The
bodies of the three teenage girls
murdered by a fellow student at
Heath High School in West
Paducah, Ky., were not yet cold
before the students of the
Christian prayer group that was
shot at announced, "We
forgive you, Mike,"
referring to Michael Carneal, 14,
the murderer.
This
immediate and automatic
forgiveness is not surprising.
Over the past generation, the
idea that a central message of
Christianity is to forgive
everyone who commits evil against
anyone, no matter how great and
cruel and whether or not the
evildoer repents, has been
adopted by much of Christendom.
The
number of examples is almost as
large as the number of heinous
crimes. But one other recent
example stands out. In
August, the pastor at a Martha's
Vineyard church service attended
by the vacationing President
Clinton announced that it was the
the duty of all Christians to
forgive Timothy McVeigh, the
murderer of 168 Americans.
"I invite you to look at a
picture of Timothy McVeigh and
then forgive him," the Rev.
John Miller said in his sermon.
"I have, and I ask you to do
so."
The
pastor acknowledged:
"Considering what he did,
that may be a formidable
task.
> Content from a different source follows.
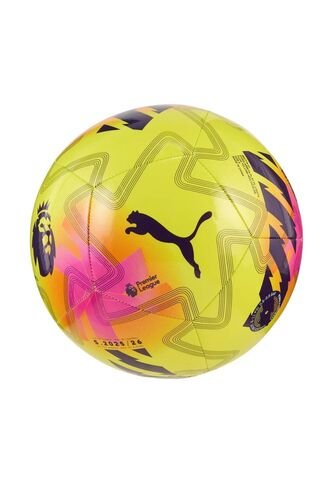 Balon Puma Original Orbita Play Lights S5 Amarillo Hombre Puma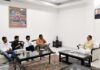 उत्तराखंड को 2025 तक देश का अग्रणी राज्य बनाने के लिए राज्य सरकार कृत संकल्पित : मुख्यमंत्री धामी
But it is the one
that we as Christians are asked
to do."
Though I
am a Jew, I believe that a
vibrant Christianity is essential
if America's moral decline is to
be reversed and that despite
theological differences, there is
indeed a Judeo-Christian value
system that has served as the
bedrock of American civilization.
For these reasons I am appalled
and frightened by this feel-good
doctrine of automatic
forgiveness.
This
doctrine undermines the moral
foundations of American
civilization because it advances
the amoral notion that no matter
how much you hurt other people,
millions of your fellow citizens
will immediately forgive you.
This doctrine destroys
Christianity's central moral
tenets about forgiveness - that
forgiveness, even by God, is
contingent on the sinner
repenting, and that it can only
be given to the sinner by the one
against whom he sinned.
These
tenets are unambiguously affirmed
in Luke 17:3-4: "And if your
brother sins against you, rebuke
him; and if he repents, forgive
him. And if seven times of the
day he sins against you, and
seven times of the day turns to
you saying, I repent, you shall
forgive him."
This
flies in the face of what passes
for Christianity these days - the
declaration, often repeated, that
"It is the Christian's duty
to forgive just as Jesus forgave
those who crucified him." Of
course, Jesus asked God to
forgive those who crucified him.
But Jesus never asked God to
forgive those who had crucified
thousands of other innocent
people - presumably because he
recognized that no one has the
moral right to forgive evil done
to others.
You and
I have no right, religiously or
morally, to forgive Timothy
McVeigh or Michael Carneal; only
those they sinned against have
that right - and those they
murdered are dead and therefore
cannot forgive them. (Indeed,
that is why I believe that humans
cannot forgive a murderer.)
If we are automatically forgiven
no matter what we do - even if we
do not repent, why repent? In
fact, if we forgive everybody for
all the evil they do to anybody,
God and his forgiveness are
entirely unnecessary. Those who
forgive all evil done to others
have substituted themselves for
God.
When
confronted with such arguments,
some callers to my radio show
offered another defense:
"The students were not
forgiving Carneal for murdering
the three students," these
callers argued, "they were
forgiving him for the pain he
caused them." Let us
summarize this argument: You
murder my classmates, and the
next day I announce that I
forgive you for the pain you
caused me! That such
self-centered thinking
masquerades as a religious ideal
is a good example of the moral
disarray in much of religious
life.
Some
people have a more sophisticated
defense of the
forgive-everyone-everything
doctrine: Victims should be
encouraged to forgive all evil
done to them because doing so is
psychologically healthy. It
brings "closure." This,
too, is selfishness masquerading
as idealism: "Though you do
not deserve to be forgiven, and
though you may not even be sorry,
I forgive you because I want to
feel better."
The rise
of the theology of automatic
"forgiveness" is only
one more sign of the decline of
traditional religiosity and
morality. As Yale Prof.
David Gelernter, who was severely
injured by the Unabomber, notes
in his thoughtful recent book,
"Drawing Life," the
1960's made making moral
judgments the greatest sin.
He points out that none of his
pre-1975 dictionaries contains
the word
"judgmental."
Today, judging evil is widely
considered worse than doing evil.
Until
West Paducah, I believed that
Christians will lead America's
moral renaissance. Though I still
believe that - many Christians
are repulsed by the
demoralization and dumbing down
of religion - the day those
students, with the support of
their school administration, hung
out that sign I became less
sanguine. If young Christians
have inherited more values from
the '60s culture than from their
religion, where can we look for
help?
Mr.
Prager, host of a daily radio
talk show in Los Angeles, is the
author of "Happiness is a
Serious Problem," from
Harper Collins.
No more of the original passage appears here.